UK's music industry group the BPI is celebrating the sale of the billionth digital single download, amid what is described as a flourishing market.
According to data from the Official Charts Company, the one billion landmark was reached on late Monday evening.
The figures represent individual tracks sold, not digital albums or streamed music – with the vast majority of sales being made through the UK's biggest music retailer, Apple's iTunes store.
“The digital music revolution has made it easy to buy any song you like, instantly, for half the price of a coffee,” said Geoff Taylor, BPI chief executive.

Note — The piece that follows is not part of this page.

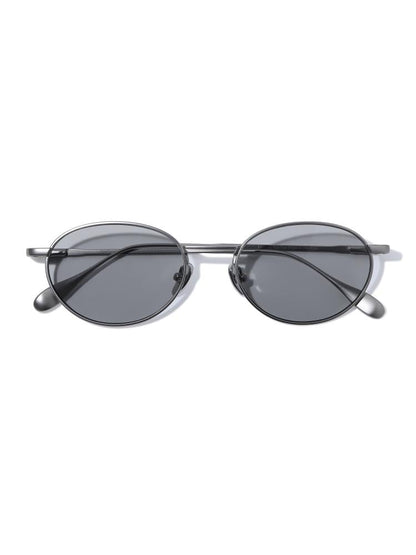 STEEL — Matte Silver Metal Oval Sunglasses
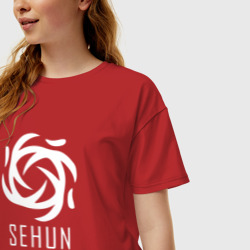 Женская футболка хлопок Oversize Exo Sehun - фото 2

The top 10 tracks download to date are (you may want to look away now if you actually like music):
- Someone Like You – Adele
- Moves Like Jagger – Maroon 5 Ft Christina Aguilera
- Somebody That I Used To Know – Gotye Ft Kimbra
- I Gotta Feeling – Black Eyed Peas
- We Found Love – Rihanna Ft Calvin Harris
- Sex On Fire – Kings of Leon
- Call Me Maybe – Carly Rae Jepsen
- Party Rock Anthem – LMFAO/Lauren Bennett/Goonrock
- Just The Way You Are (Amazing) – Bruno Mars
- Price Tag – Jessie J
The BPI estimates it would take more than 6,600 years to listen to one billion single downloads played back to back. To have finished such a marathon listening session today, a music fan would have needed to start listening around about the same time as the plough was introduced to Europe's nascent farmers.
But the picture – with Brits buying 500,000 tracks every day – is a far cry from the BPI's usual complaints about piracy killing the music industry.
In fact, along with runaway digital sales, streaming services such as Spotify are booming. The UK's music industry has not been crippled by the pirates it seems.
Earlier this year, the NPG Group reported that the number of illegal music downloads fell 17 percent to 21 million worldwide.
That figure is dwarfed by the downloads the BPI claims are being made legally. Nonetheless, the BPI has taken a hard line stance against music pirates, using legal action to force ISPs to block file sharing sites.
As recently as 2010, the BPI estimated that three-quarters of UK music downloads were being made illegally. Still, hitting one billion legal downloads must be music to the ears of record labels.